[Start of Attachment]

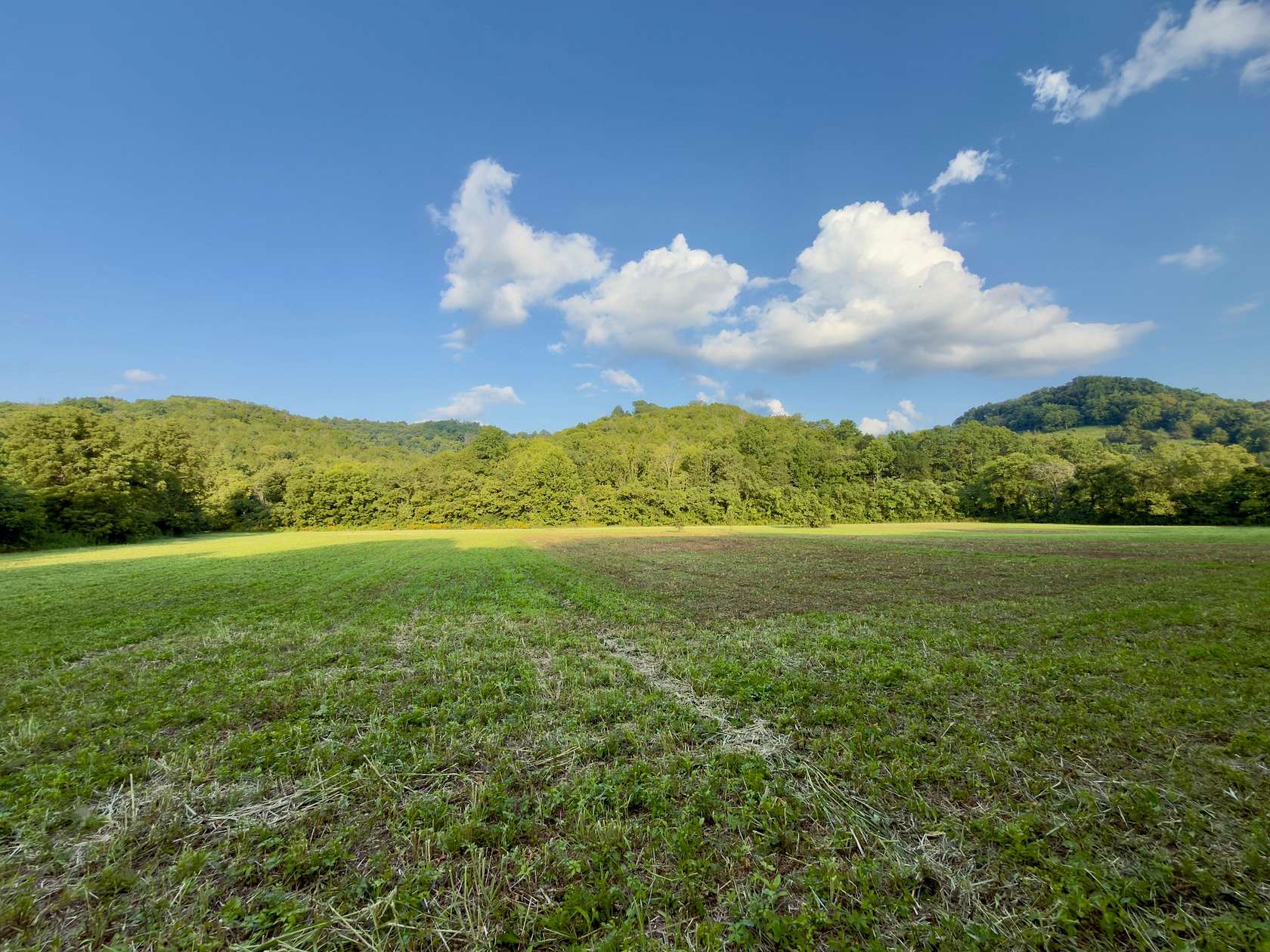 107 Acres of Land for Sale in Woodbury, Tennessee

[End of Attachment]
[Start of Attachment]

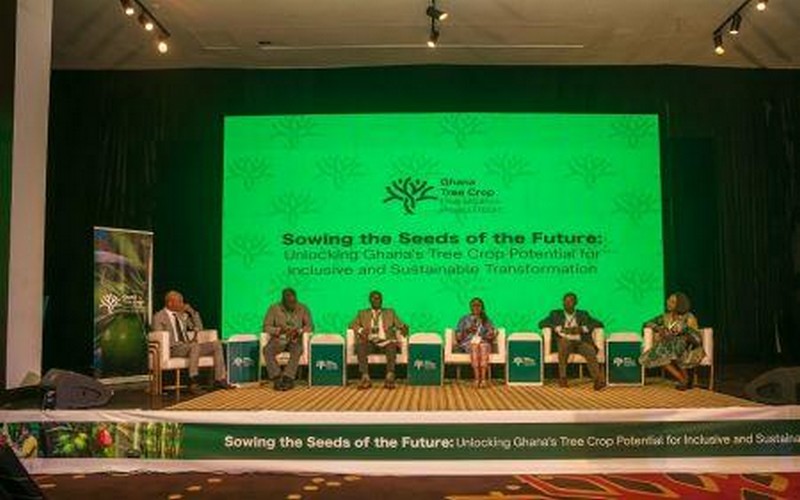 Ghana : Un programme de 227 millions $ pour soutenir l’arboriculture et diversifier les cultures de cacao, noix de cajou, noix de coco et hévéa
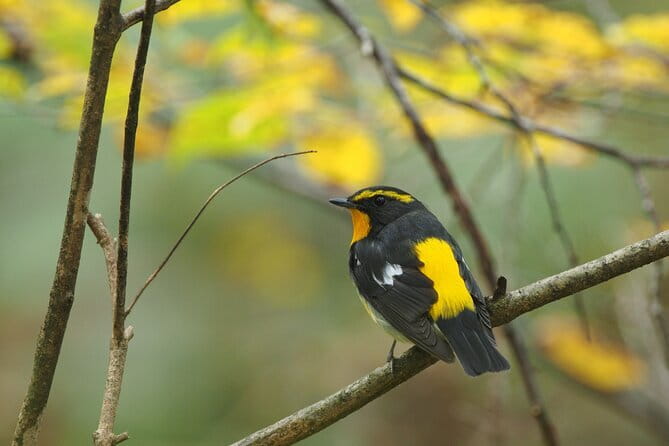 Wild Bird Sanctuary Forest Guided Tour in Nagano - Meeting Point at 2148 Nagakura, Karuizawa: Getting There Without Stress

[End of Attachment]
[Start of Attachment]

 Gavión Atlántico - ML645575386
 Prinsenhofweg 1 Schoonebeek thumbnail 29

[End of Attachment]

== What the task requires ==
Above are records with pictures. Reproduce exactly only the lines from the line with "Ghana : Un programme" through the line with "Wild Bird Sanctuary", both ends included, and leave the pictures out.

== Problem solution ==
 Ghana : Un programme de 227 millions $ pour soutenir l’arboriculture et diversifier les cultures de cacao, noix de cajou, noix de coco et hévéa
 Wild Bird Sanctuary Forest Guided Tour in Nagano - Meeting Point at 2148 Nagakura, Karuizawa: Getting There Without Stress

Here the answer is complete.